さて、ここからはVUCAが、どんな文脈で使われ、VUCA時代に生き残れないのは、どのような人なのかを見ていきましょう。

2019年3月に経済産業省が「人材競争力強化のための9つの提言(案)~日本企業の経営競争力強化に向けて~」というレポートを発表しています。

このレポートでは、前提として「日本企業・個人を取り巻く社会・経済環境は大きく変化」したとして、「グローバル化」と「デジタル化」を2つの柱に、“不確実な経済・社会情勢(VUCA)でも競争力を発揮できる柔軟かつスピーディなビジネスを実施できる体制が求められる”というふうにVUCAが使われています。

巻末の参考資料が興味深く、かなり過激なフレーズが並んでいます(お役所の「参考資料」は本音がでますから)。いくつか紹介しましょう。
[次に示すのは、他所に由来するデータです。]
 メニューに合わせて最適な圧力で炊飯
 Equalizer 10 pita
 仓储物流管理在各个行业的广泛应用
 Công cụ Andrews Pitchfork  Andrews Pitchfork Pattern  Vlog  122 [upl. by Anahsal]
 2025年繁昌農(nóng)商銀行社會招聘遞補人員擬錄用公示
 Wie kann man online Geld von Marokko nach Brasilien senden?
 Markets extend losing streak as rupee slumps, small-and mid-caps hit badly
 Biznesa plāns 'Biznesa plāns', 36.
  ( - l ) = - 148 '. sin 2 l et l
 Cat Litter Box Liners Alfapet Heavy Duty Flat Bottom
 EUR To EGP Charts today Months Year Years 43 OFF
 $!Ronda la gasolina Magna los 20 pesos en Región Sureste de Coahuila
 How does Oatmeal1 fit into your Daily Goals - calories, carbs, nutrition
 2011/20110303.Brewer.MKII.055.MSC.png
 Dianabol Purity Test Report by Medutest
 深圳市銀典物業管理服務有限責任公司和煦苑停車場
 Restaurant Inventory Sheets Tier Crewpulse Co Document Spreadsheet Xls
  • 「メンバーシップ型からジョブ型への移行が必要」
  • 「若手の優秀人材が日本の大企業への就職にもはや魅力を感じていない状況にどう対応するか」
  • 「過度な社内公平性の呪縛。個人間で適性や能力に差が存在することについて、触れたがらない文化」
  • 「組織内のダイバーシティと経営競争力の因果関係について、日本企業の経営者は腹落ちしていないのではないか」

ザックリまとめると“日本型人材”の全否定ということでしょうか。“根回し”も“社内交渉”もハッキリ言ってムダ。「社内公平性の呪縛」や「能力差に触れたがらない文化」に準拠している社員は生き残れないのかもしれません。